Louisiana environmental officials in Baton Rouge wanted to know why ozone levels were spiking above EPA's limits to protect health on days when they should have been lower. Efforts to control regulated sources of ozone-producing chemicals had been successful. So, where were the emissions coming from?
EPA researchers collaborated with the Louisiana Department of Environmental Quality, as part of a Regional Applied Research Effort, to investigate. Using infrared technology mounted on a helicopter flying low over the Mississippi River, researchers were able to find clues to the missing sources of smog-forming chemicals that contribute to ozone.
Researchers discovered plumes of ozone-forming chemicals, invisible to the naked eye, that were leaking from barges as well as tanks.
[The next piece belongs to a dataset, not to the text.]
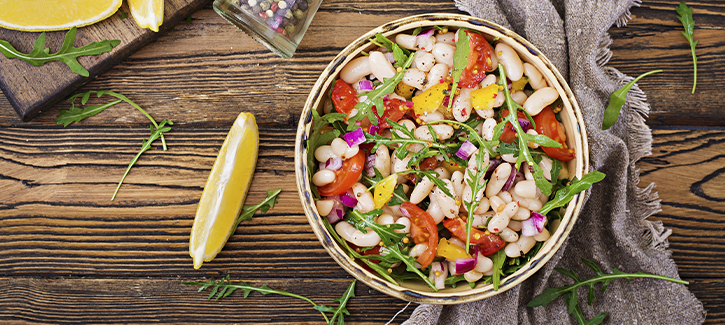 Salade van cannellinibonen, tomaat, gele paprika en rode ui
The vapors found their way out through valve seals, vent systems and other places that should not be leaking.
Louisiana officials discussed the findings with barge and tank owners. Since the emissions indicated the loss of a valuable product, the owners had a vested interest in repairing the leaks. Considerable progress has been made to fix the leaks and reduce emissions in Baton Rouge.
As a result of the research, EPA is applying the infrared technology to monitor and reduce air pollutants in other parts of the country. Originally designed for military use in night vision equipment, the technology is growing in popularity among regulators and industry. It is being used to find leaks in industrial plants, refineries and operations where fuel is stored.